* **Task to complete**
Only the stretch below from the line holding "La presidenta de" through the line holding "Set confortabil cu tricou cu guler Henley și pantaloni largi Set" should be restated, word for word and with both ends included; pictures stay out.

(Material for this task Opens)

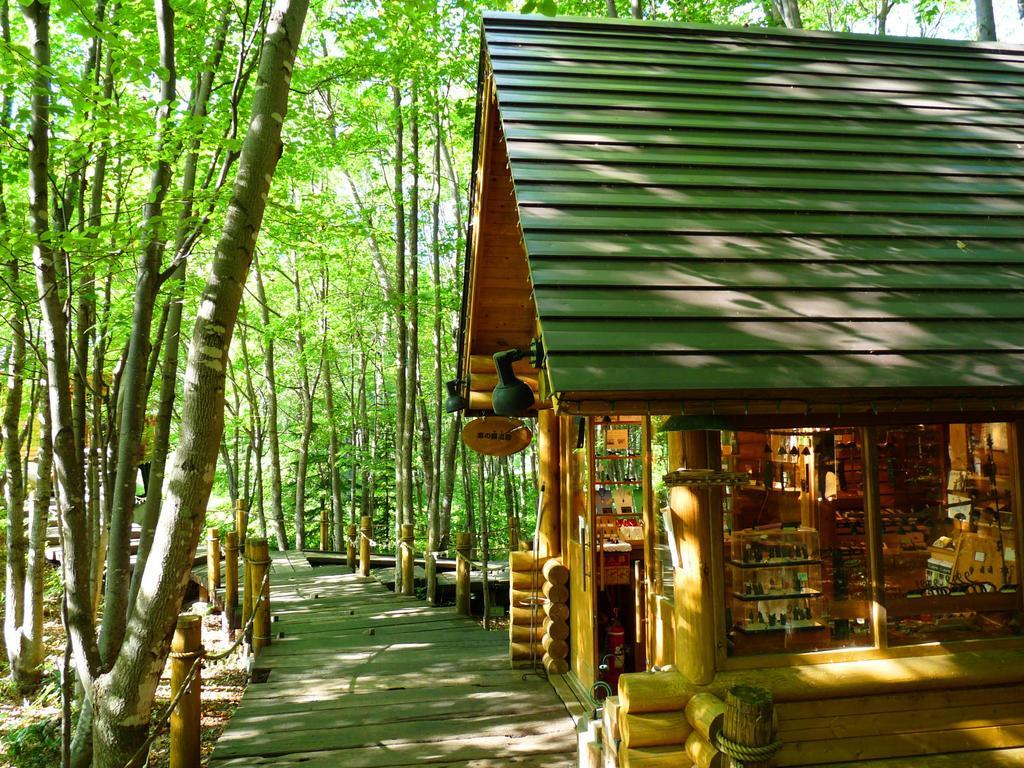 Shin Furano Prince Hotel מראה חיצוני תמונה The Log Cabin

(Material for this task Closes)
(Material for this task Opens)

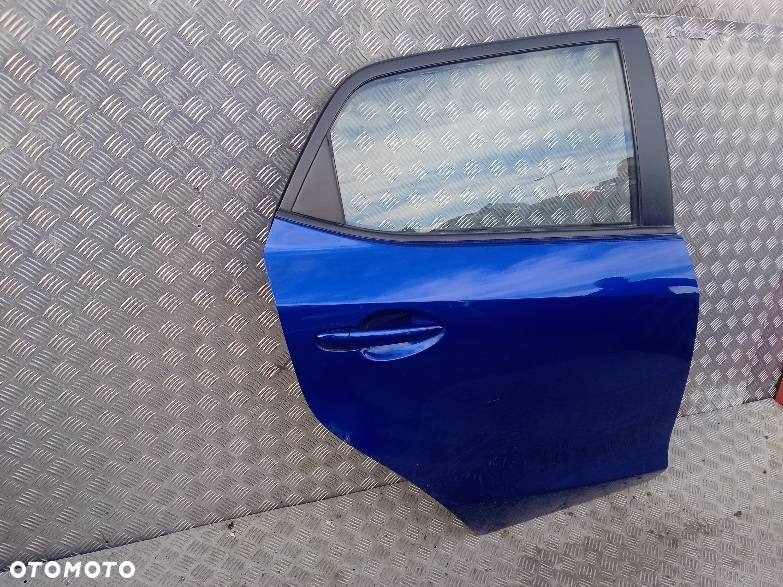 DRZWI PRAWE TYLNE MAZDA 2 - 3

(Material for this task Closes)
(Material for this task Opens)

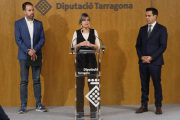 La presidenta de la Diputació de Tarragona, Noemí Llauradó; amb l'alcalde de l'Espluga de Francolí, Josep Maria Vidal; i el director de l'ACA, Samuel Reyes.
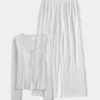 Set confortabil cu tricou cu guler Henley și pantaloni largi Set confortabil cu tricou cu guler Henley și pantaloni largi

(Material for this task Closes)

* **Response**
 La presidenta de la Diputació de Tarragona, Noemí Llauradó; amb l'alcalde de l'Espluga de Francolí, Josep Maria Vidal; i el director de l'ACA, Samuel Reyes.
 Set confortabil cu tricou cu guler Henley și pantaloni largi Set confortabil cu tricou cu guler Henley și pantaloni largi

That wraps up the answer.